In contrast to Canada, South Africa’s competition law has both competition and public interest objectives.  A major focus of the legislation from a public interest perspective is the promotion of historically disadvantaged persons and small business.  This is understandable, given the fact that when the legislation was first enacted in 1998, South Africa was emerging from an apartheid era of concentrated large enterprises and the exclusion of many, particularly historically disadvantaged persons, from the economy.

This focus is apparent in the legislation, with the preamble to the Competition Act (the “Act”) noting that “the economy must be open to greater ownership by a greater number of South Africans”.  The purpose of the Act is also clear, being to “promote and maintain competition” in South Africa in order to achieve several objectives, including “to ensure that small and medium-sized enterprises have an equitable opportunity to participate in the economy; and “to promote a greater spread of ownership, in particular to increase the ownership stakes of historically disadvantaged persons” (“HDIs”).

These objectives were enhanced through amendments to the Act that were passed into law in 2019.  The Department of Trade, Industry and Competition (the “DTIC”), under Minister Patel, has a particular focus on this topic, having recently published a which emphasises the public interest objectives of the Act.

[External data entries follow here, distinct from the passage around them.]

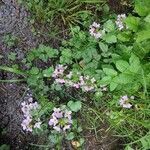 Cardamine raphanifolia flower picture by miriam (cc-by-sa)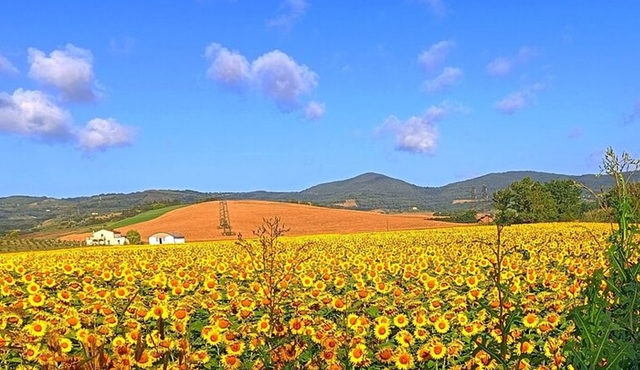 PRIVATE TRANSFER from Siena to Florence with stop in S Gimignano & Monteriggioni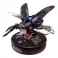 Stag Beetle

This renewed focus has very recently come to the fore in relation to merger control.  In terms of the Act, mergers (a generic term covering M&A activity) must be notified to the competition authorities if they meet certain thresholds, and those transactions may not be implemented before approval has been obtained.  In assessing whether a transaction should be approved, the competition authorities must consider not only the traditional competition question of whether the transaction is “likely to substantially prevent or lessen competition” by assessing factors such as market concentration and barriers to entry, but also whether there are public interest concerns arising from the transaction.  The competition and public interest assessments are equally important, and it is possible that an otherwise anti-competitive merger could be approved because it is overwhelmingly in the public interest.  Similarly, an unproblematic merger from a competition perspective could be prohibited on public interest grounds.

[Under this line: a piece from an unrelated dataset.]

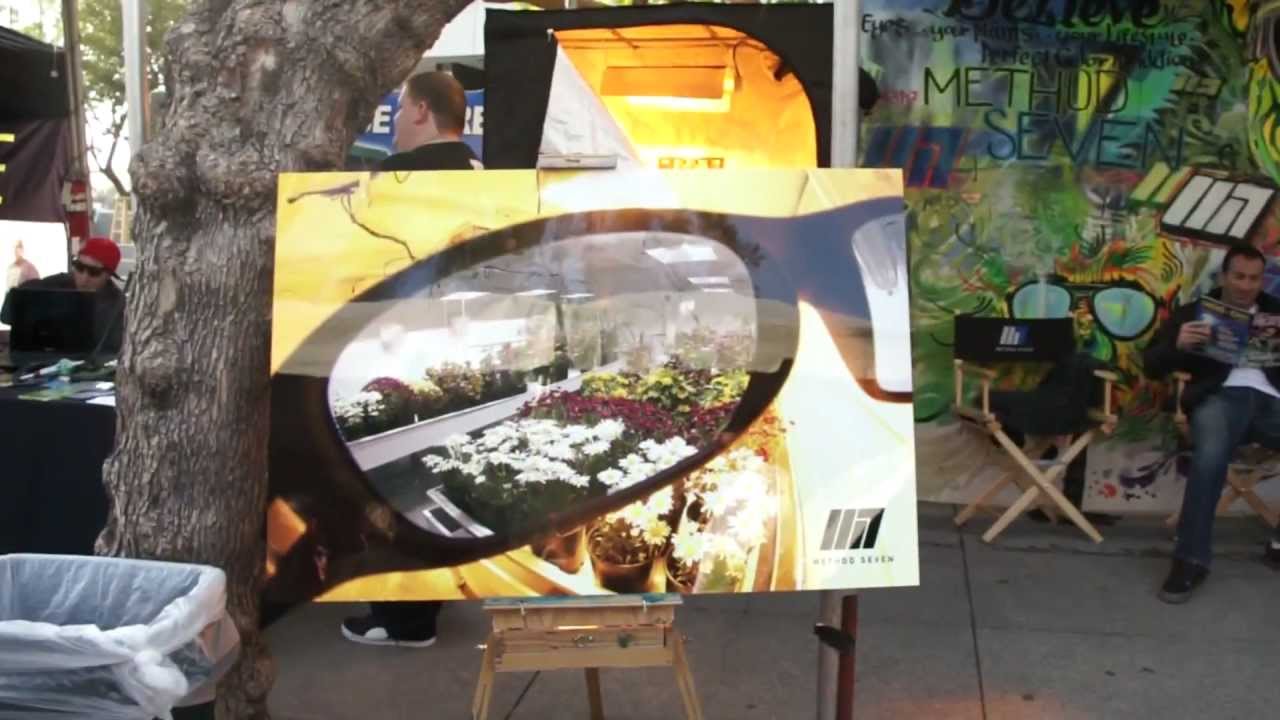 VaderVision - Medical Cannabis Cup LA 2012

Until now, no merger has been prohibited solely on public interest grounds.  Instead, conditions have been imposed to ameliorate the negative public interest effects of the merger.  However, following the recent emphasis on public interest, and in particular Black Economic Empowerment (“BEE”) and worker participation, the Competition Commission (the “Commission”) prohibited a merger solely on public interest grounds for the first time on 1 June 2021.

The transaction in question involved the proposed acquisition of Burger King (South Africa) and Grand Foods Meat Plant (the “Target Firms”) by ECP Africa, part of Emerging Capital Partners, a private equity firm founded in the USA with investments across Africa.  The seller was Grand Parade Investments, a company controlled by HDIs, whereas ECP Africa had no such shareholding.  Although the parties to the merger evidently offered commitments that had public interest benefits, such as increased employment for HDIs, increased employee benefits and investment in capital expenditure, it appears that these commitments were not sufficient to persuade the Commission to approve the merger.  The Commission found that the proposed transaction raised no competition concerns, but that it raised very significant public interest concerns in that it would result in a significant reduction in BEE ownership in the Target Firms – from more than 68% to 0% – and on this basis prohibited the merger.

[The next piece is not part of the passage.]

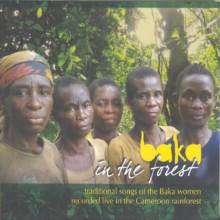 Baka In The Forest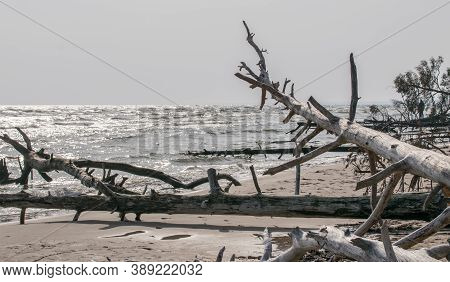Wild Desert Beach With Fallen Trees. Cape Kolka Latvia.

Predictably, the Commission’s decision has drawn strong criticism.  The transaction would bring much-needed foreign investment into South Africa, and there is a concern that this decision will deter future potential investors.  Some argue that this prohibition hinders rather than assists BEE, as it prevents BEE shareholders from realising their investment and thus freeing capital to HDIs to further invest in the South African economy.  Ironically, this is an observation made by the Competition Tribunal (“Tribunal”) in its so-called Shell/Tepco decision some years ago, when the Commission sought to impose conditions to ensure that BEE was not hindered. The Tribunal cautioned the Commission against supporting HDIs by interfering in the commercial decisions made by such investors, indicating that it may put such investors at an unintended disadvantage.

Even before this decision was issued, there was understandably some scepticism that the competition authorities’ increased focused on public interest objectives might not achieve the desired outcome.  It could legitimately be argued that the more interventionist approach to tip the scales unduly in favour of the government’s developmental objectives would blunt the ability of free markets to kickstart economic growth.  This risks a movement towards single-minded interventionism, at the expense of investment, market-dynamism and international competitiveness.  This decision simply serves to justify the critics’ scepticism.

It is critical that authorities do more than simply pay lip service to the benefits of investment.  Advancement of small firms and transformation should, quite rightly, be prioritised, but with a balanced and holistic appreciation for trade-offs that may result, and with sufficient care to preserve and promote competitiveness. This sentiment is adequately expressed by the Tribunal in the Shell/Tepco merger, where then Chairperson, David Lewis warned that “the competition authorities, however well intentioned, are well advised not to pursue their public interest mandate in an over­zealous manner lest they damage precisely those interests that they ostensibly seek to protect”.